Surfrider Foundation Europe a co-signé une lettre avec Oceana et Seas at Risk à l’attention du Commissaire Européen en charge de l’énergie, Monsieur Günther Oettinger. Une proposition de loi européenne verra le jour en septembre, c’est dans ce contexte que la coalition d’ONG encourage l’UE à changer de voie en ce qui concerne la régulation des activités offshore.

Traduction française 

Monsieur Günther Oettinger

Commissaire européen en charge de l’énergie

200, Rue de la Loi

B – 1049 Bruxelles, Belgique

Bruxelles, le 01 septembre 2011

Objet : Concernant les forages offshore et la nécessité d’une action forte de l’UE

Monsieur le Commissaire Oettinger,

Suite à des observations individuelles fournies à la Commission européenne en réponse à la consultation publique sur l’amélioration de la sécurité en mer proposées par les groupes co-signataires de cette lettre, en tant que coalition d’ONG, nous vous écrivons afin de plaider pour une approche vraiment responsable au sujet du forage offshore en Europe et ce en anticipation à votre proposition ce Septembre.

Des leçons doivent être apprises

Ce qui ressort clairement des enquêtes récentes sur les activités de forage à la fois en Europe et aux Etats-Unis, c’est que les autorités nationales ne parviennent pas à réglementer adéquatement les opérateurs de forage offshore parce que les revendications de sécurité formulées par l’industrie sont trop prétentieuses, de plus les opérateurs ne parviennent pas à prendre des mesures de sécurité appropriées. Le règlement au niveau de l’UE fait gravement défaut et de nombreuses lacunes existent dans le processus d’autorisation, qui manque souvent de cohérence quand il s’agit de l’évaluation technique ou environnementale des études d’impact.

Si les rapports sur les pratiques de forage n’ont pas réussi à éclaircir ce point, il est également choquant qu’une administration nationale ait une telle approche à propos des plates-formes pétrolières en Mer du Nord, opérant dans les eaux britanniques, qui ont souffert de fuites majeures ou d’important écoulement à une fréquence de presque un par semaine en 2009 et 2010. Un autre fait rapporté par le Health and Safety Executive fait état que plus de 96% des installations en mer du Nord exigent des améliorations suite aux inspections qui ont eu lieu au cours des trois dernières années, avec une installation sur cinq montrant des « défauts majeurs ». Ces résultats sont peut-être surprenants quand on voit que plusieurs parties prenantes ont donné de telles assurances au Royaume-Uni quant à son « approche de la sécurité ».

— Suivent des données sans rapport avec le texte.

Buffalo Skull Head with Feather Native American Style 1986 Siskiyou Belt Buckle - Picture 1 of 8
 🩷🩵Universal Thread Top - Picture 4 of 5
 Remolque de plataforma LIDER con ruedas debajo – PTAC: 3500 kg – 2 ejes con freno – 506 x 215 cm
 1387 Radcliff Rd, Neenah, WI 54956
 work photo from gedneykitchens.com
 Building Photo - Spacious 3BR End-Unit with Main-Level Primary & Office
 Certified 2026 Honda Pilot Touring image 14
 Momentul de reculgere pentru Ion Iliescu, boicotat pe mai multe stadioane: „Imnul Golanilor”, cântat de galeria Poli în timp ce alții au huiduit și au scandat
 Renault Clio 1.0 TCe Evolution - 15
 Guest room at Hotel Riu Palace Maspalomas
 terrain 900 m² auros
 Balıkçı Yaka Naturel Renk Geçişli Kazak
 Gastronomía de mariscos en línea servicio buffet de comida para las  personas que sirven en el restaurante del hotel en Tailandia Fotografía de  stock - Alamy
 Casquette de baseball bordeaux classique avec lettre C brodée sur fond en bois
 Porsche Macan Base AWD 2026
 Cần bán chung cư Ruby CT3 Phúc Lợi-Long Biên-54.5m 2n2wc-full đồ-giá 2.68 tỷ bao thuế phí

Les régimes nationaux de réglementation actuels à la fois en Europe et dans le monde ont échoué et il est opportun de rappeler la fuite de Shell en cours dans la mer du Nord et le déversement de pétrole dans une installation en mer de Bohai en Chine. Une nouvelle voie est à prendre d’urgence et il y a deux principales mesures qui doivent être prises au niveau européen.

La nécessité d’un grand régulateur européen

Le pétrole répandu à partir les installations offshore ne respect pas les frontières nationales, ni les écosystèmes marins fragiles et ne porte aucun respect envers les nombreuses ressources marines dont les citoyens dépendent. En élevant les normes européennes communes sur les activités de forage en mer, un organisme chargé de veiller sur ces normes est sans aucun doute dans l’intérêt de tous les États membres, et pas seulement ceux qui ont compétence sur certains bassins maritimes. Il est donc crucial qu’une réponse appropriée à travers l’Europe soit prise dans le but d’élever le niveau de sécurité et de s’assurer que les régulateurs nationaux et les opérateurs se conforment à ces normes.

Nous croyons qu’un régulateur à l’échelle européenne apporterait une valeur ajoutée et de nombreux avantages aux régulateurs nationaux, aux opérateurs et aux contribuables de l’UE. Non seulement une telle approche permettrait de fournir un point de vue indépendant pour vérifier que la législation est correctement mise en oeuvre, mais elle permettrait aussi que les sécurités vantées par l’industrie soient réelles et que le rapport  sécurité / dégradation de l’environnement devienne plus transparent. Avec un grand régulateur européen, nous pourrons s’assurer que les processus d’autorisation en mer, les normes de sécurité et que  de meilleures pratiques environnementales soient homogénéisées et intégrées dans les régions de l’UE et permettre ainsi de résoudre le déséquilibre actuel. Cette réforme est particulièrement importante, surtout concernant les bassins les moins bien préparés et où l’exploration offshore est désormais en plein développement (c.-Méditerranée, Mer Noire).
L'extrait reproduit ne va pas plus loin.